[Exercise inputs — start]

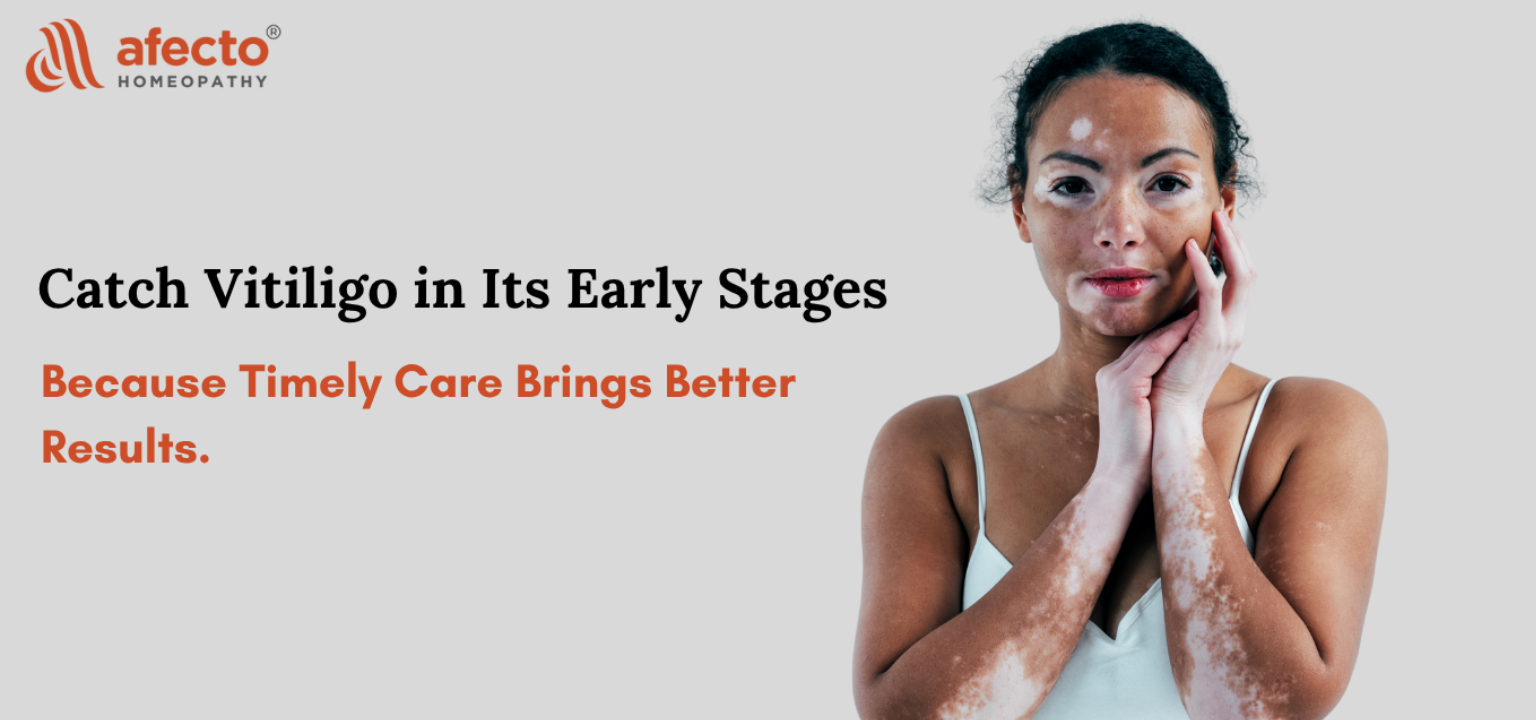 How to detect vitiligo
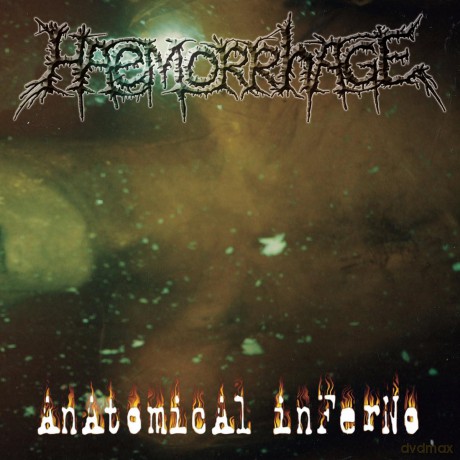 Heaemorrhage: Anatomical Inferno (Lucky Dip Colours/Black) [Winyl]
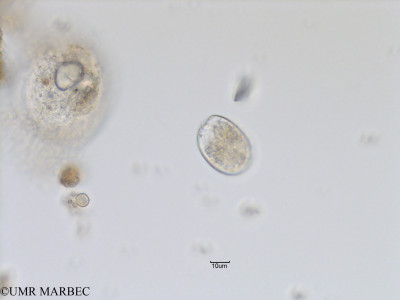 phyto/Bizerte/bizerte_lagoon/RISCO November 2015/Prorocentrum mexicanum (Lagune_T1_B_cf Prorocentrum lima-2).tif(copy)_thumb.jpg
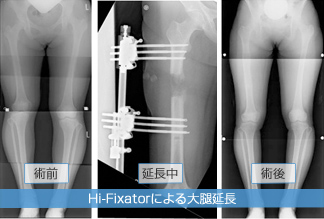 Hi-Fixatorによる大腿延長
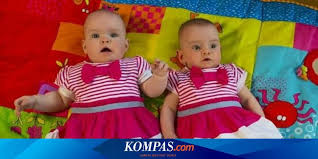 Check spelling or type a new query. Meski Kembar Dua Bayi Ini Lahir Berselang 2 Bulan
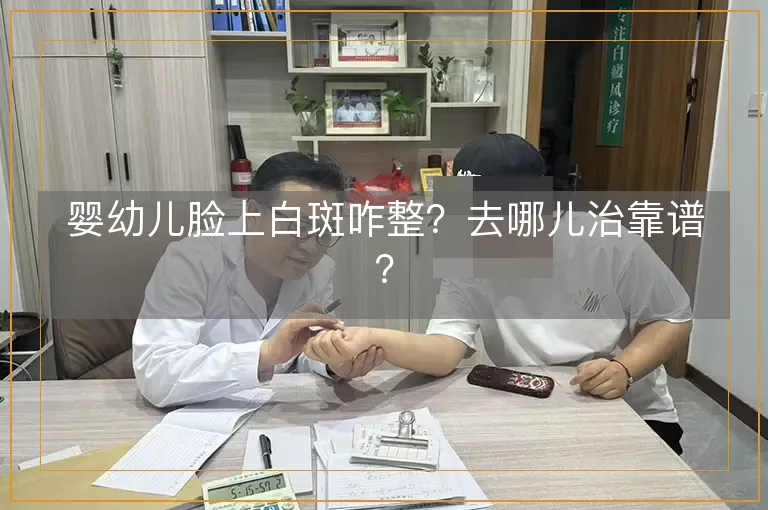 婴幼儿脸上白斑咋整？去哪儿治靠谱？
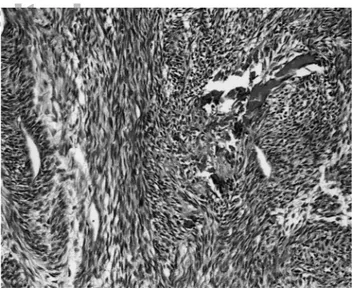 FIGURE 1. Case 1. Fascicular spindle cell proliferation with scattered minute dystrophic calcifications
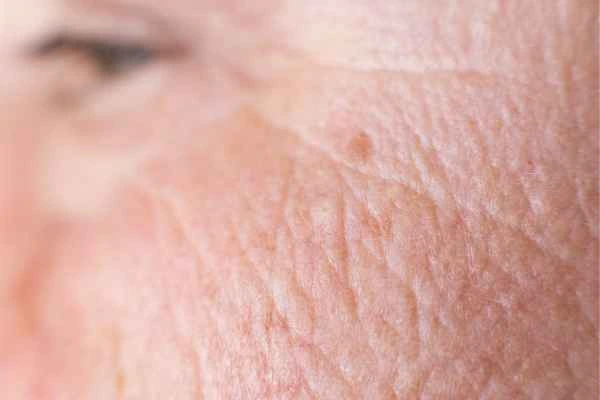close up picture of a woman's face showing an age spot Witney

[Exercise inputs — finish]

The listing above must be retyped word for word, without the pictures.

 How to detect vitiligo
 Heaemorrhage: Anatomical Inferno (Lucky Dip Colours/Black) [Winyl]
 phyto/Bizerte/bizerte_lagoon/RISCO November 2015/Prorocentrum mexicanum (Lagune_T1_B_cf Prorocentrum lima-2).tif(copy)_thumb.jpg
 Hi-Fixatorによる大腿延長
 Check spelling or type a new query. Meski Kembar Dua Bayi Ini Lahir Berselang 2 Bulan
 婴幼儿脸上白斑咋整？去哪儿治靠谱？
 FIGURE 1. Case 1. Fascicular spindle cell proliferation with scattered minute dystrophic calcifications
close up picture of a woman's face showing an age spot Witney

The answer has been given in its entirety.